How many millions of lines of code does Windows have by now? An astonishing 50 million and counting. It’s a wonder if Windows will ever be completely patched up and secured as more and more vulnerabilities come up. More code is added to patch those vulnerabilities and that added code could inadvertently introduce more.
The recent Windows patch Tuesday patched 74 more flaws, one of which is a zero-day vulnerability that has the potential to allow attackers to take control of unpatched systems. That flaw is also present in older 64-bit Windows versions so Windows 7 and XP holdouts beware
“An attacker who successfully exploited this vulnerability could run arbitrary code in kernel mode. An attacker could then install programs; view, change, or delete data; or create new accounts with full user rights… To exploit this vulnerability, an attacker would first have to log on to the system. An attacker could then run a specially crafted application that could exploit the vulnerability and take control of an affected system.”

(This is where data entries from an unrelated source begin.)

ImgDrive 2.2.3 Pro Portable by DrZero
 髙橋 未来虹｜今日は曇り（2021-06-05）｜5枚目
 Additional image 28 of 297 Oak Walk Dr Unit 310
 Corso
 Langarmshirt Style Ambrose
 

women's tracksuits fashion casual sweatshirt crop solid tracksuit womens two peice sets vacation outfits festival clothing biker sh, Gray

The zero-day flaw is one of five local privilege escalation flaws made known to Microsoft by Kaspersky Labs; dubbed CVE-2019-0859 is present within Win32K.sys which can be exploited because of its improper handling of objects in memory.
The other four have been patched in previous updates. Malicious parties can take advantage of the flaw by creating a backdoor through Windows Powershell.
The script language’s flexibility makes it possible for expert users to get into the nitty gritty places within the operating system, places even Microsoft isn’t aware of. Which makes the activity technically legit and can bypass consumer security products. Windows cannot protect against itself and more and more hackers turn to Powershell to inject and run their payload in unsuspecting Windows systems.